Entre as restrições impostas a esse investigado estão a proibição de acessar a região de fronteira, a proibição de manter contato com os demais envolvidos e o uso de tornozeleira eletrônica. A Justiça Federal também determinou a indisponibilidade de imóveis e o bloqueio de ativos financeiros ligados a pessoas físicas e jurídicas até o limite de R$ 10 milhões.
Além do bloqueio, foram autorizados o sequestro de quatro veículos e a suspensão das atividades de três empresas que, conforme a investigação, teriam sido utilizadas pelo grupo. As medidas patrimoniais procuram impedir a movimentação de bens enquanto a origem dos valores e a eventual participação de cada alvo são examinadas.

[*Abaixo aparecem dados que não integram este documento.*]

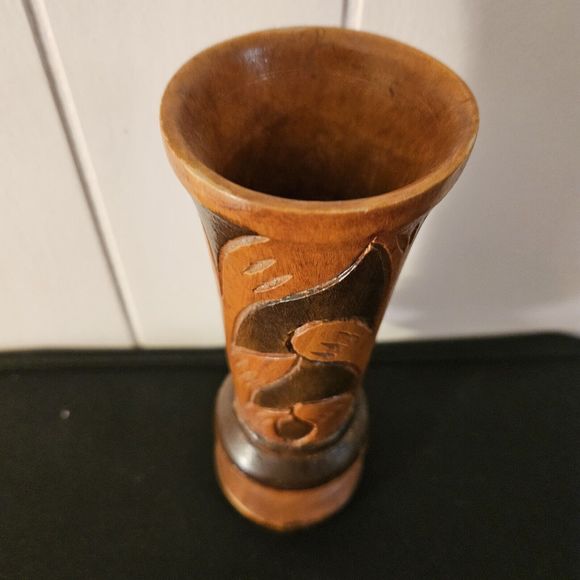 Vintage Hand Carved Wooden Vase Bohemian Mid-century Modern 8" Two-tone - Picture 14 of 16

Segundo a PF, os investigados divulgavam produtos eletrônicos em redes sociais, realizavam vendas parceladas de maneira informal e efetuavam cobranças com ameaças. A apuração também encontrou indícios de empréstimos informais, extorsão, tráfico de drogas, posse e porte irregular de armas de fogo e lavagem de capitais.

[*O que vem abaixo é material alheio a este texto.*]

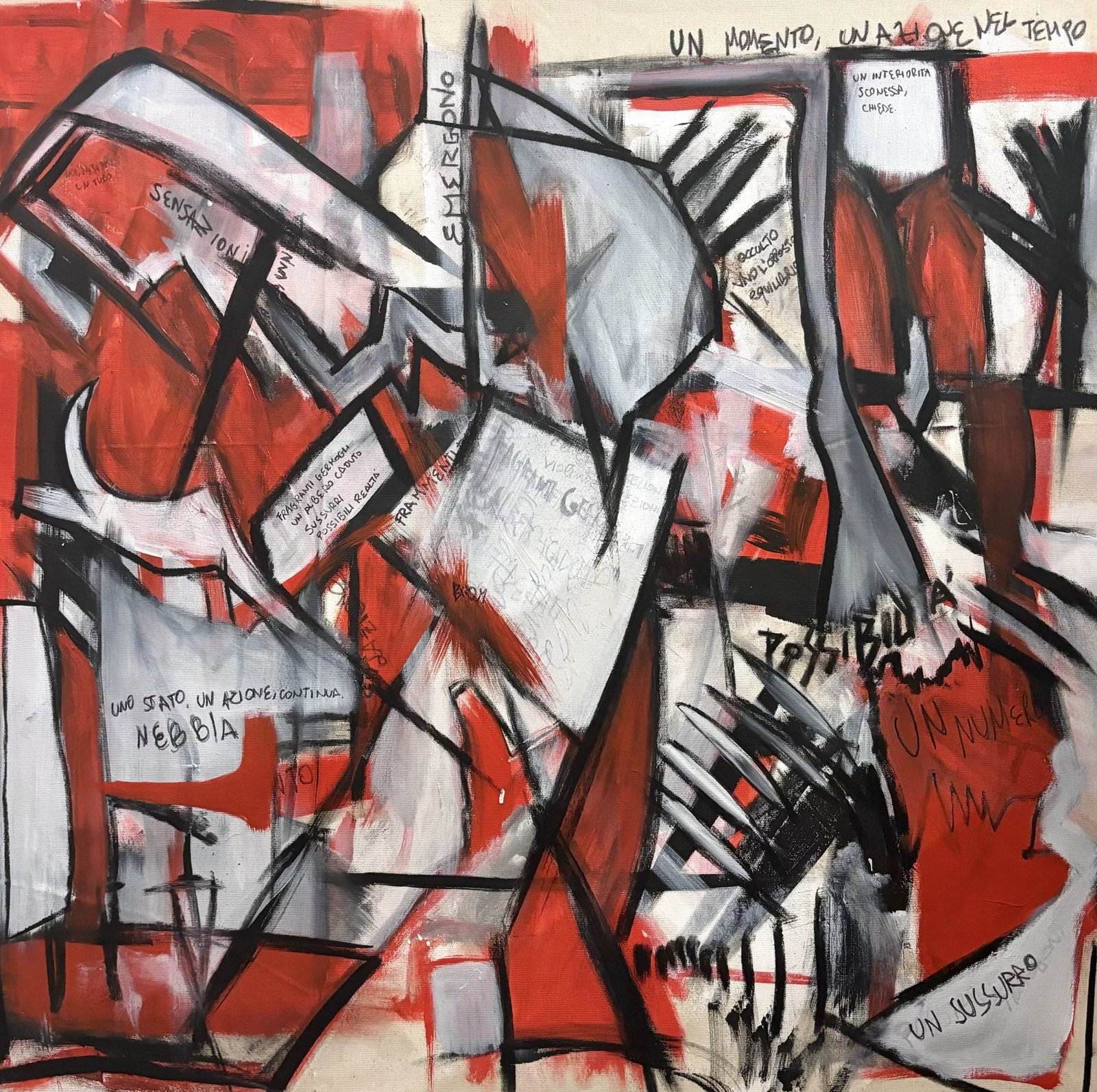 senza titolo, 2024 tecnica mista, 100x100 cm.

O caso expõe como o descaminho pode se conectar a outros crimes quando mercadorias sem regularização tributária são usadas para alimentar estruturas clandestinas. A venda informal prejudica comerciantes que pagam impostos, emitem notas e mantêm empregos dentro das regras. Quando a cobrança envolve violência, o problema deixa de ser apenas fiscal e passa a ameaçar diretamente a segurança das famílias.

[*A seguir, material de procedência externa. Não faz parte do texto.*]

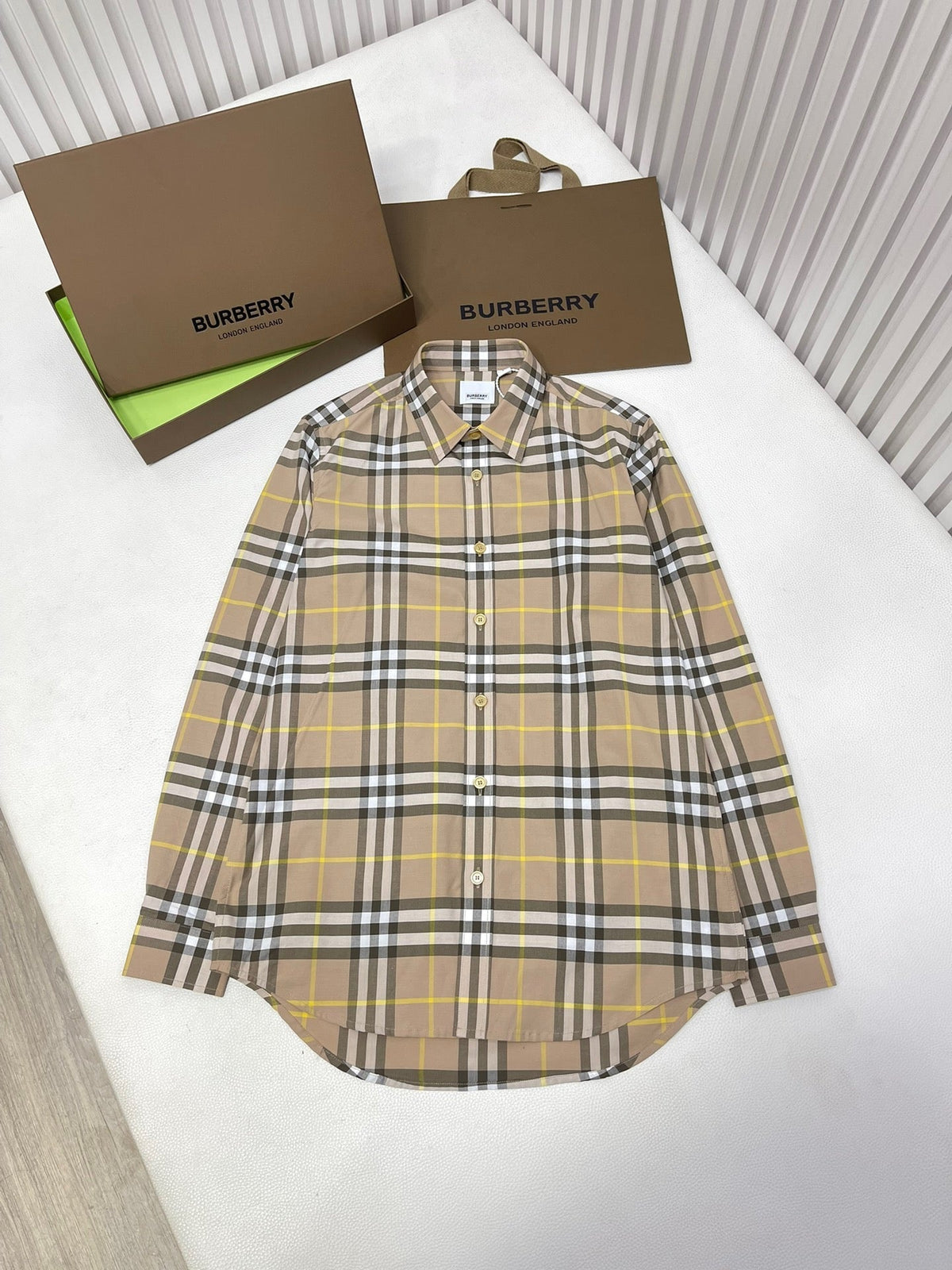 Beige Cotton Check Long-Sleeve - Men's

A presença da Receita Federal é importante para verificar a origem, a entrada e a comercialização dos produtos. Já a Polícia Federal concentra a apuração criminal, os vínculos entre os suspeitos e a possível lavagem do dinheiro obtido. Documentos, aparelhos e registros apreendidos deverão ser submetidos à perícia.
A Operação Nexum reforça a necessidade de fiscalização permanente na fronteira e de investigação financeira sobre organizações que misturam comércio irregular, intimidação e ocultação patrimonial. As suspeitas divulgadas ainda serão analisadas pelo Judiciário. Os alvos mantêm direito de defesa e presunção de inocência, enquanto as autoridades aprofundam a identificação das condutas e do destino dos recursos bloqueados. Para Campo Grande, o resultado da apuração interessa diretamente porque envolve empresas, redes de venda e ameaças que, segundo a PF, operavam dentro da cidade e alcançavam consumidores locais.